• **EXERCISE MATERIAL**
────────────────────

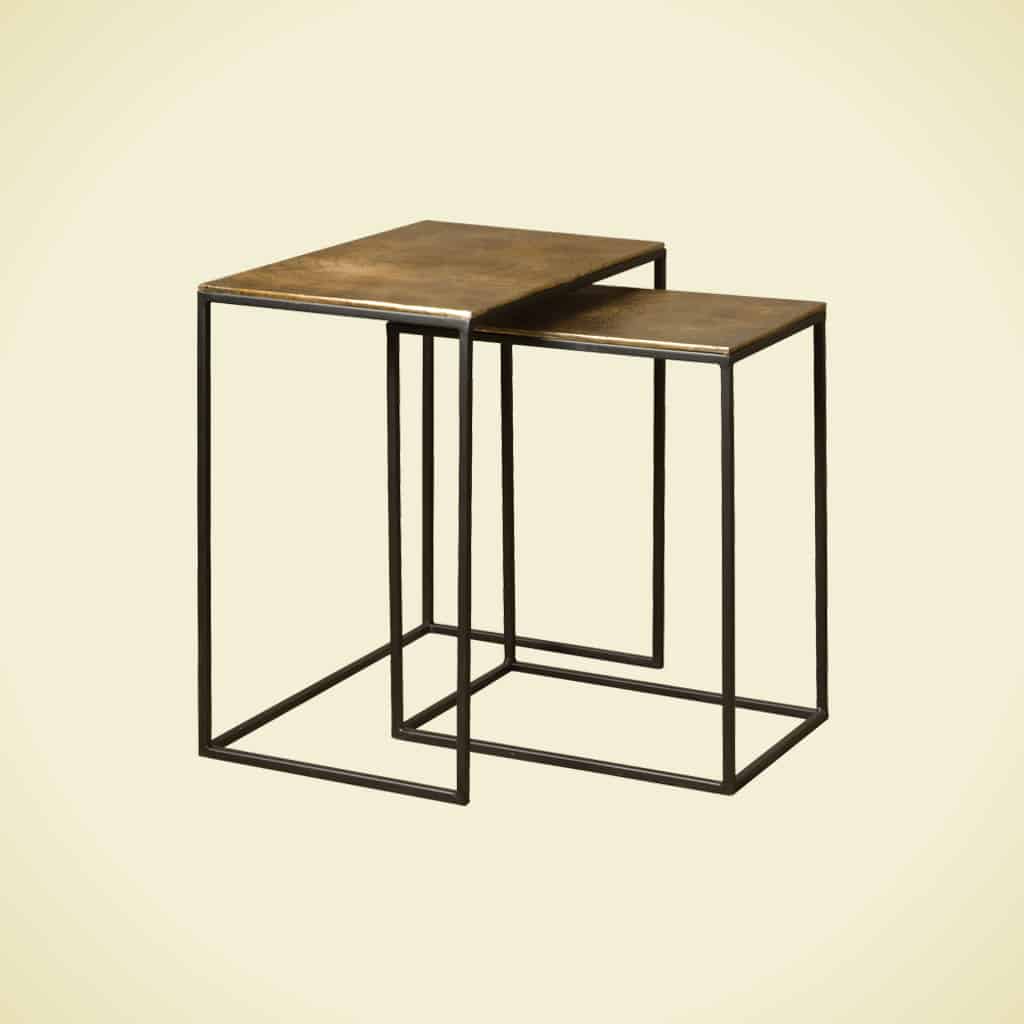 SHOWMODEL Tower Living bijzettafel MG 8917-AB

────────────────────

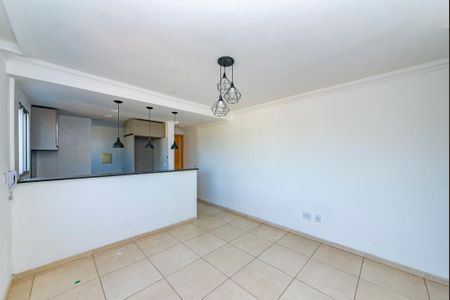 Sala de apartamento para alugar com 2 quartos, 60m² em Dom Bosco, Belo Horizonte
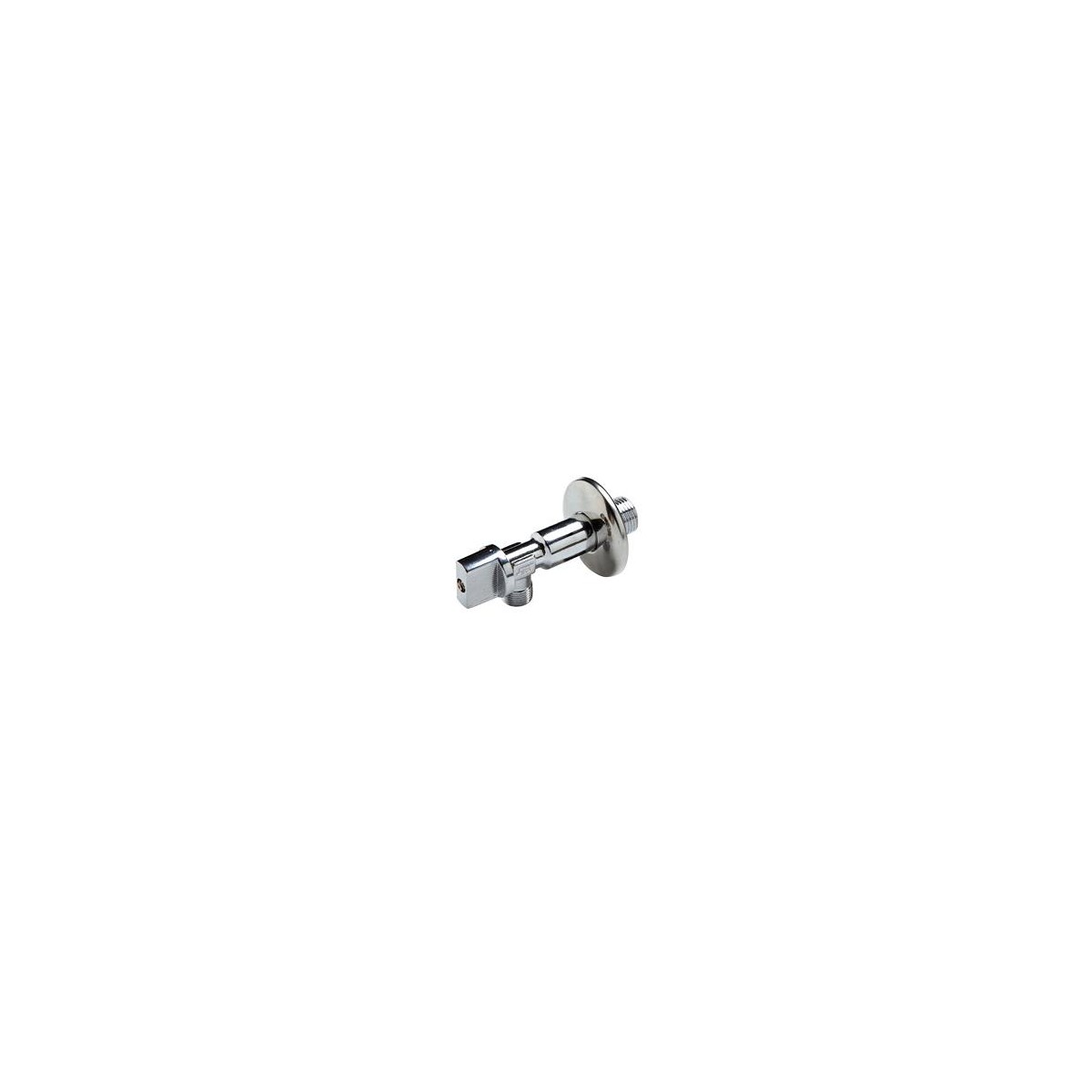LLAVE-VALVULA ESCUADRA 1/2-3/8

────────────────────

• **TASK TO COMPLETE**
Starting at the line above that holds "Sala de apartamento", repeat every line exactly down to and including the line that holds "LLAVE-VALVULA ESCUADRA 1/2-3/8", then stop. Do not carry over any pictures.

• **ANSWER TO THIS EXERCISE**
 Sala de apartamento para alugar com 2 quartos, 60m² em Dom Bosco, Belo Horizonte
LLAVE-VALVULA ESCUADRA 1/2-3/8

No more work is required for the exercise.